◆ **Your instructions**:
Once the pictures are set aside, reproduce all of the records exactly.

Supplied records Block Start

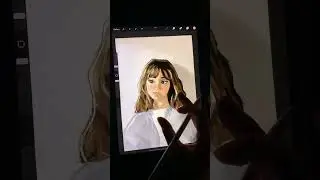 portrait painting using procreate by pamela joy #procreate #illustration #digitalart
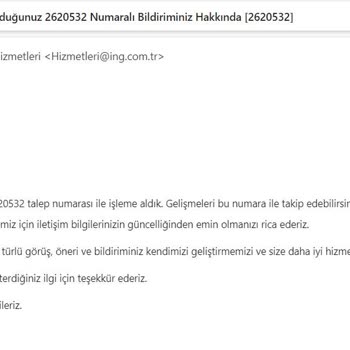 ING Müşteri Temsilcisi İle Canlı Görüşemiyoruz. Adeta İmkansız Gibi...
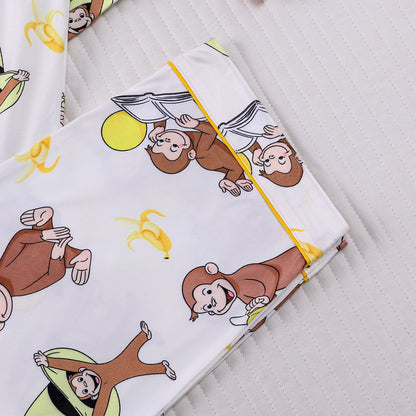 Cute Monkey Pajama Set - Highest Quality | Comfortable Fabric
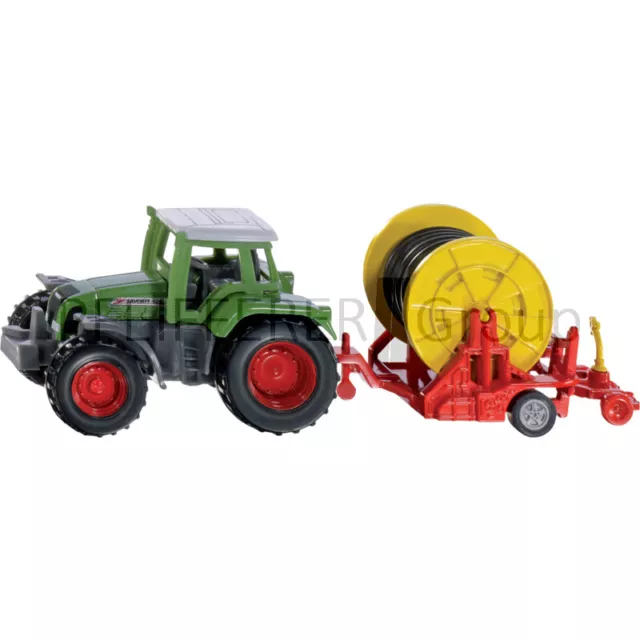 Siku Super 1:87 Traktor mit Bewasserungshaspel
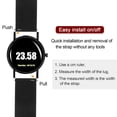 thumbnail image 5 of Uxcell Silicone Watch Band 24mm Rubber Watch Strap with Electroplated Stainless Steel Buckle for Men Women, Black, 5 of 6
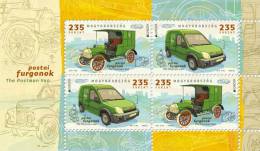 HUNGARY-2013. Europa S/S - Postal Vans And Postal Cars MNH! - Unused Stamps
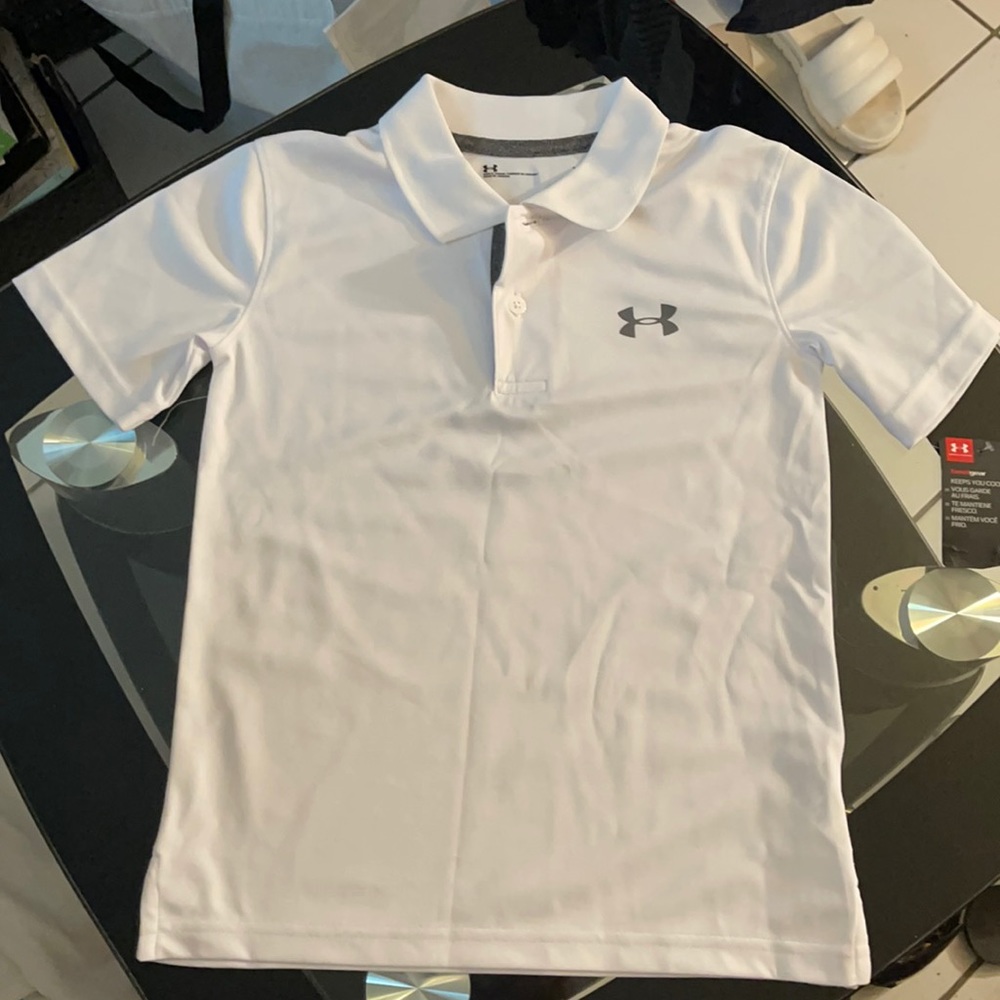 Boys under armour polo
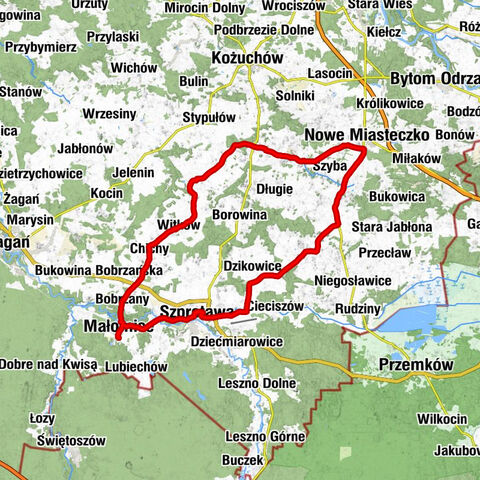 Małomice - Kościół św. Mikołaja - Kościół filialny Matki Boskiej Rokitniańskiej i św. Michała - Kościół św. Jana Chrzciciela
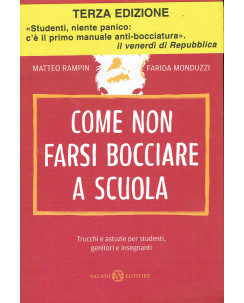 Rampin Monduzzi:come non farsi bocciare a scuola ed.SALANI NUOVO A66 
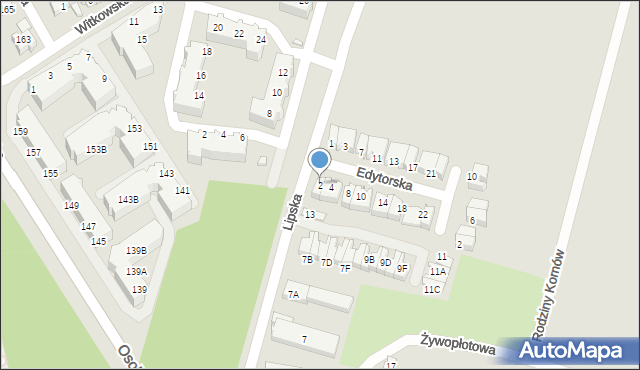 Wrocław, Edytorska, 2, mapa Wrocławia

Supplied records Block End

◆ **Exercise result**:
 portrait painting using procreate by pamela joy #procreate #illustration #digitalart
 ING Müşteri Temsilcisi İle Canlı Görüşemiyoruz. Adeta İmkansız Gibi...
 Cute Monkey Pajama Set - Highest Quality | Comfortable Fabric
 Siku Super 1:87 Traktor mit Bewasserungshaspel
 thumbnail image 5 of Uxcell Silicone Watch Band 24mm Rubber Watch Strap with Electroplated Stainless Steel Buckle for Men Women, Black, 5 of 6
 HUNGARY-2013. Europa S/S - Postal Vans And Postal Cars MNH! - Unused Stamps
 Boys under armour polo
 Małomice - Kościół św. Mikołaja - Kościół filialny Matki Boskiej Rokitniańskiej i św. Michała - Kościół św. Jana Chrzciciela
 Rampin Monduzzi:come non farsi bocciare a scuola ed.SALANI NUOVO A66 
 Wrocław, Edytorska, 2, mapa Wrocławia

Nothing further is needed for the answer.